Следуя пресловутой концепции «двух планов», Вересаев устраняет из пушкинской биографии, как якобы не имеющие к ней отношения, те высшие и значительнейшие моменты, когда «душа поэта» в порывах вдохновенного творческого подъема взмывает ввысь «как пробудившийся орел», другими словами, лишает Пушкина-человека кровного и самого драгоценного его достояния — величайшего художественного гения. И вот под пером, точнее, пожалуй, анатомическим ножом Вересаева Пушкин чаще всего предстает как раз в том виде, в каком сам он, по приведенным мною его энергичным словам, не хотел бы видеть Байрона (большинство статей книги «В двух планах», в особенности статья «Пушкин и Евпраксия Вульф», которую — да будет прощена мне эта резкость — нельзя читать без отвращения; сюда же примыкают и многие страницы его широко известной книги-монтажа «Пушкин в жизни»). Но если концепция «двух планов» не вносит ничего не только хорошего, но и верного в наши представления о личности Пушкина и его биографии, то еще в меньшей степени способствует она правильному пониманию пушкинского творчества.

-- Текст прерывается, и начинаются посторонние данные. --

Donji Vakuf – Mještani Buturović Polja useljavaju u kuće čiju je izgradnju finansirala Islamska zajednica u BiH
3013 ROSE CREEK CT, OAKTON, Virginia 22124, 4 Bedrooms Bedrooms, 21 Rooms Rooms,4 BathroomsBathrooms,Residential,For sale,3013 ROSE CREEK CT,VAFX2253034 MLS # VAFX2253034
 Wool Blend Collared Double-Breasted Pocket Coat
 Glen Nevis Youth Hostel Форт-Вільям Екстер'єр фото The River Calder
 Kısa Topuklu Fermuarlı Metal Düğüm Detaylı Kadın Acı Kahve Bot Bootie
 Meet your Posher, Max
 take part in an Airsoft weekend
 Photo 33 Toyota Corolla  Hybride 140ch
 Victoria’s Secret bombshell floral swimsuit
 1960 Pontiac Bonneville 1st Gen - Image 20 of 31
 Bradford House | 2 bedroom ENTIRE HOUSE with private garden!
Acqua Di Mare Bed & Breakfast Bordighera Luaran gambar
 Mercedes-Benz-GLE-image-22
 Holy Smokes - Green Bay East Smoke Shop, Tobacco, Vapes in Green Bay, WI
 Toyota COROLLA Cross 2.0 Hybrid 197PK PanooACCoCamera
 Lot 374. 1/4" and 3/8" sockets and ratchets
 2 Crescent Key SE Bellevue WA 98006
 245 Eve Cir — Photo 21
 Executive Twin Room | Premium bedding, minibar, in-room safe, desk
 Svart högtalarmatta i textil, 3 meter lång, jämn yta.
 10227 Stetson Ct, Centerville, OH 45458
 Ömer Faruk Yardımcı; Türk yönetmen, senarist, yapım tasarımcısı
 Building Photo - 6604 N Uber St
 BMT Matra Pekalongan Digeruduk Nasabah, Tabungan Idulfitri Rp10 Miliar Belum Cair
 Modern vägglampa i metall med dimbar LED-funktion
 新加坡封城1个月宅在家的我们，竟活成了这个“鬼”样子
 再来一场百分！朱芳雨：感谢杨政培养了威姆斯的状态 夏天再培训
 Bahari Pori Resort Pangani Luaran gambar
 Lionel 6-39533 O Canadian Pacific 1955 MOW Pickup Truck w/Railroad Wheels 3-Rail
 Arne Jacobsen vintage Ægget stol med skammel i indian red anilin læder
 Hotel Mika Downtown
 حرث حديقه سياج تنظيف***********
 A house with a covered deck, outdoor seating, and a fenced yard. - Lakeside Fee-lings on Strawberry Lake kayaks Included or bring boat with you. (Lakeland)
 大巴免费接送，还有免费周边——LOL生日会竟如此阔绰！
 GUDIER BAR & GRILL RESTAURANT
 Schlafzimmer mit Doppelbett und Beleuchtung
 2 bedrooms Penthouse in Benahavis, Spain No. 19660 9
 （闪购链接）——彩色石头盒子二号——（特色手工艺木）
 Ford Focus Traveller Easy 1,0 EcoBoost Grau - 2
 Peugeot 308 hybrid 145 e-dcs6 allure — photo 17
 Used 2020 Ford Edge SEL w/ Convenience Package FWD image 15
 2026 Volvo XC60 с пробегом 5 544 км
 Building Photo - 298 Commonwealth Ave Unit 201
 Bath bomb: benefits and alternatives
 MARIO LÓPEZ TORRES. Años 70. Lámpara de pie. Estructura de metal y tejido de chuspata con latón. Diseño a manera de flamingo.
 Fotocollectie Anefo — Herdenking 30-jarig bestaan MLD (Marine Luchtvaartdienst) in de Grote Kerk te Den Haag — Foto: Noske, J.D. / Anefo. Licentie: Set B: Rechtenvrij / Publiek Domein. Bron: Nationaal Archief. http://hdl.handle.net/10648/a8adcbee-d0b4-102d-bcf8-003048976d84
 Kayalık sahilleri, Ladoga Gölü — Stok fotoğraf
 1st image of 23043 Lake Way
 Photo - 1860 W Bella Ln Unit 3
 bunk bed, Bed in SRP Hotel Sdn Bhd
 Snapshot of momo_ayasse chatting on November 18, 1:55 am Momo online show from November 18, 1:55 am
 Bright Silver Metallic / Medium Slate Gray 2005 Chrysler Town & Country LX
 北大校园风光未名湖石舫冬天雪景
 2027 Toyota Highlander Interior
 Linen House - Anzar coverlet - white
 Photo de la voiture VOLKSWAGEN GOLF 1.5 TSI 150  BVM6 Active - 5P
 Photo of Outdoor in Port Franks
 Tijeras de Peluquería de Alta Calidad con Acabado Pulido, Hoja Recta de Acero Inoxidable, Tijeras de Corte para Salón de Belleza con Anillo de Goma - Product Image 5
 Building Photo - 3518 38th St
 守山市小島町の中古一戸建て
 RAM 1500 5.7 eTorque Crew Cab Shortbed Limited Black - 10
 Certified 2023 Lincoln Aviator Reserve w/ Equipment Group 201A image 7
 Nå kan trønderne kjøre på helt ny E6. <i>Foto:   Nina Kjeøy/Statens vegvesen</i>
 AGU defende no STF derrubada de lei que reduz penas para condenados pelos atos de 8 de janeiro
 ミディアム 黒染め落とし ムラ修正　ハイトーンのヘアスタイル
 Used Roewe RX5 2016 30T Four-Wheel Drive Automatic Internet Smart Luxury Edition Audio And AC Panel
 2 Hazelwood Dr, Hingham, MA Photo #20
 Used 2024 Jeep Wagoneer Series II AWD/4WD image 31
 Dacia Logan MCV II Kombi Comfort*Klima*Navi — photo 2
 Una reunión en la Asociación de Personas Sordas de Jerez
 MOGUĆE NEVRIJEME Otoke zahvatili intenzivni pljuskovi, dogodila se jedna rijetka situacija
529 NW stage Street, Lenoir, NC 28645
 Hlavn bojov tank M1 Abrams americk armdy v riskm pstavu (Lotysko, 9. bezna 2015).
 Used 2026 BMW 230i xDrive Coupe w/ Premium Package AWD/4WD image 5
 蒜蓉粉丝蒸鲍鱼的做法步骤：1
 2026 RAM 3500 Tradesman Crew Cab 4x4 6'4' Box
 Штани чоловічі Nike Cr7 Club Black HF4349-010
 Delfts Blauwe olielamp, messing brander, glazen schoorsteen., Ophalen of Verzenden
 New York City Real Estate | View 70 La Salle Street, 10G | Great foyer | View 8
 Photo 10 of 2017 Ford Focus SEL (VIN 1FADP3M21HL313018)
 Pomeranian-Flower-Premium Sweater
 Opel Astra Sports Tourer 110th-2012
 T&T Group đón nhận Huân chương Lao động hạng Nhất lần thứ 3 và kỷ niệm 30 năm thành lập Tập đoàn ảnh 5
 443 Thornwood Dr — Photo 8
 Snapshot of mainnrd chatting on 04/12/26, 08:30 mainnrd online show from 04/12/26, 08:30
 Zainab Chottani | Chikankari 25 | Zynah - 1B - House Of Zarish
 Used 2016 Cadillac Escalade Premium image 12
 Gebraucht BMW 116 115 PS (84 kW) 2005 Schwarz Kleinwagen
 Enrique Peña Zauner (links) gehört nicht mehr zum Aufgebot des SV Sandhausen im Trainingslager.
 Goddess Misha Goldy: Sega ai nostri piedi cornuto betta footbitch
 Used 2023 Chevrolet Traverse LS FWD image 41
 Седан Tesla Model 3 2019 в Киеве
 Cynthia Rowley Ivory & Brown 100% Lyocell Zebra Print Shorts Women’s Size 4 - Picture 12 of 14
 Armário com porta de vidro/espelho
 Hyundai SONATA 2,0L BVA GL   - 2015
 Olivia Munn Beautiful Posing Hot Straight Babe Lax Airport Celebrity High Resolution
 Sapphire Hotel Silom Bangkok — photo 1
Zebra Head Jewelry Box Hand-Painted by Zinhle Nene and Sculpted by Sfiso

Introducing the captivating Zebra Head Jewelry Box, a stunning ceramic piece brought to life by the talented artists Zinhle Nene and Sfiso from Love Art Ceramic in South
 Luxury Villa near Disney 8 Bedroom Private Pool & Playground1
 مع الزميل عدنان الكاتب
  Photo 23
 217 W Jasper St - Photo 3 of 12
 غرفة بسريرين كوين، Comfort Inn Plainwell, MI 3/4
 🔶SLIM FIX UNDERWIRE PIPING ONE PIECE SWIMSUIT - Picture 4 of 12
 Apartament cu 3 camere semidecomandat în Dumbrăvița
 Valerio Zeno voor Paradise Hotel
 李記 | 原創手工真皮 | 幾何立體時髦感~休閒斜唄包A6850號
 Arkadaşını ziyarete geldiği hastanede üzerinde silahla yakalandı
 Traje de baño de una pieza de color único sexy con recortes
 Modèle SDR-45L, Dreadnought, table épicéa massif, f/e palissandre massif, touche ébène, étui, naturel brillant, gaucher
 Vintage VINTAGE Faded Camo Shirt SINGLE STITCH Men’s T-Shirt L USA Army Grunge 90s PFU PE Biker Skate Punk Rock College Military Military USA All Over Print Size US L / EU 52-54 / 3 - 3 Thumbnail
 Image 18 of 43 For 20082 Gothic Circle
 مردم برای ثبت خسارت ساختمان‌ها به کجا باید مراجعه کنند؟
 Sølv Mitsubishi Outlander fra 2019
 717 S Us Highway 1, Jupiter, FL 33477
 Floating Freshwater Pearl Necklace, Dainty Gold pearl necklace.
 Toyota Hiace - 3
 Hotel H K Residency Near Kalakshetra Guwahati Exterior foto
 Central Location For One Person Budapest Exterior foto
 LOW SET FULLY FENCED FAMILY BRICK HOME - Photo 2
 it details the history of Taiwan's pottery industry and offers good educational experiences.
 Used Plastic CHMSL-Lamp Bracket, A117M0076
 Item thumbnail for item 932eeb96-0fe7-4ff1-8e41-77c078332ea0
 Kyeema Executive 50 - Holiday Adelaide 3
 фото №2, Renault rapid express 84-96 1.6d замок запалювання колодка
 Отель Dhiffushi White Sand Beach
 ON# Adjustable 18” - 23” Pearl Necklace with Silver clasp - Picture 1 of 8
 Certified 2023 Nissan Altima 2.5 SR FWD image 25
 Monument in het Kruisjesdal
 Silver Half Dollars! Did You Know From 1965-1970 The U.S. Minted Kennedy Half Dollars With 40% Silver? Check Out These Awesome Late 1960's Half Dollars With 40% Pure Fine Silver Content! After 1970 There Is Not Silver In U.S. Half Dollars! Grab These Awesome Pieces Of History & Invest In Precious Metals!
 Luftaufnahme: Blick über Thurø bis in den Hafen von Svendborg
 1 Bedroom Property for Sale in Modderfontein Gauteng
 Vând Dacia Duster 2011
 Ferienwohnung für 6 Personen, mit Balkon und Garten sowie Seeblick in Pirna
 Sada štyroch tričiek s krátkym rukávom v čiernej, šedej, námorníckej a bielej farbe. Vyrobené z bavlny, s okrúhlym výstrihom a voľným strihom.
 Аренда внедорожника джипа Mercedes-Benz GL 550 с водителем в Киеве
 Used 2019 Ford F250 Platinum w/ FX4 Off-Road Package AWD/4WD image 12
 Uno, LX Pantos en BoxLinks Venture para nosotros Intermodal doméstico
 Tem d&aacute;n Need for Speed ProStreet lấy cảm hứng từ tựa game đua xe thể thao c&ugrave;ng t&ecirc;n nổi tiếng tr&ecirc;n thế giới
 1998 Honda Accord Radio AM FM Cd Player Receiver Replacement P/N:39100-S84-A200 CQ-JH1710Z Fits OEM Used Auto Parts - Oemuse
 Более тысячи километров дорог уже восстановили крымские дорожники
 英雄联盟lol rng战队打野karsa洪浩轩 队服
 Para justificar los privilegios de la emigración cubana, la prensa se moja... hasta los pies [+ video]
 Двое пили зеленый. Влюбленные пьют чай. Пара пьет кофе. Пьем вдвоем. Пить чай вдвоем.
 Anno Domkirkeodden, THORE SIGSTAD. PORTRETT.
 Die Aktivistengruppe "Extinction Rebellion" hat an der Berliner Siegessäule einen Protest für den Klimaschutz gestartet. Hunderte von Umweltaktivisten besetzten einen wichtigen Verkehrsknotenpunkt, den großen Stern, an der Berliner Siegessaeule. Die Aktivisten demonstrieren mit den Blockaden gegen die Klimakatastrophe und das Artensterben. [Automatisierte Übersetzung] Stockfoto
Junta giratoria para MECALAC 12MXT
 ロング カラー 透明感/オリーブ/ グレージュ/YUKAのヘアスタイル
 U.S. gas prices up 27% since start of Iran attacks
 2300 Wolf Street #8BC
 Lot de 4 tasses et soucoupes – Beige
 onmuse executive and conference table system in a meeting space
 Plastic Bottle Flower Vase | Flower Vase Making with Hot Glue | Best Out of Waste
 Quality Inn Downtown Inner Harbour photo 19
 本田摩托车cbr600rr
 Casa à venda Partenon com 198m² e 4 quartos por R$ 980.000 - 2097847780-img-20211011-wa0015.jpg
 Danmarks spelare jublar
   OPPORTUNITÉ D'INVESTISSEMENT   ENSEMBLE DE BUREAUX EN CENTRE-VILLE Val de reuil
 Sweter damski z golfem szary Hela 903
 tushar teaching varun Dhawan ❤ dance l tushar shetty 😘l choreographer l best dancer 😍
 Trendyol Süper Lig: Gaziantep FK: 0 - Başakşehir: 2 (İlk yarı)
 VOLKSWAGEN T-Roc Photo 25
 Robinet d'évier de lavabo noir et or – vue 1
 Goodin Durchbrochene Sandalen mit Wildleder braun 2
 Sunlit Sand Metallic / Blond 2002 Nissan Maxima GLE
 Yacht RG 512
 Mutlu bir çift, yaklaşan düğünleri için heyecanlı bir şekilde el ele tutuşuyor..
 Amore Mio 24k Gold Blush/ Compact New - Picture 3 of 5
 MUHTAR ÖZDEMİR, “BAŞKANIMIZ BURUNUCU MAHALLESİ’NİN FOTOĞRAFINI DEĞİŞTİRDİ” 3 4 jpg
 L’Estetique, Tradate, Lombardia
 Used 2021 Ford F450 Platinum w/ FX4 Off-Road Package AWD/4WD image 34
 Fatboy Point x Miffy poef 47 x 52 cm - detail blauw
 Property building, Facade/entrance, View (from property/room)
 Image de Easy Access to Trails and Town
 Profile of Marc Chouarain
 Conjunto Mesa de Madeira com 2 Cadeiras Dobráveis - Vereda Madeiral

Отделяя от реальной действительности художественные создания «поэта действительности» (известная формула пушкинского самоопределения; XI, 104), рассматривая их в отрыве от биографических и общественных реалий, Вересаев приходит к «ошеломляющим», по его собственным словам, выводам. Великий акт поэтического и одновременно гражданского самосознания поэта — его стихотворение о «памятнике нерукотворном» — в истолковании Вересаева оказывается не чем иным, как всего лишь литературной пародией (111–118). Слова, вкладываемые Пушкиным в уста Моцарта о «несовместности» гения и злодейства, никакого этического содержания в себе якобы не заключают. Несовместимы же, по Вересаеву, для Пушкина «две указанные стихии потому, что злодейство тоже есть жизненное творчество… для этого потребна энергия, внимание к жизни, вкладывание в нее своих сил», а Пушкину якобы присуще «пренебрежительное и глубоко равнодушное отношение к реальной жизни», до которой «поэту нет и не может быть никакого дела» и от которой он спасается в процессе своего творчества в «мир светлых привидений» (156–158). Подобным же образом истолковываются Вересаевым и «Пророк», и послание к Керн («Я помню чудное мгновенье…»), и многое другое.
2
3
4
В книге «Пушкин в жизни» (М. — Л., «Academia», 1932) Вересаев приводит лишь тот отрывок из письма, в котором поэт говорит о необходимости для него учиться английскому языку (стр. 190).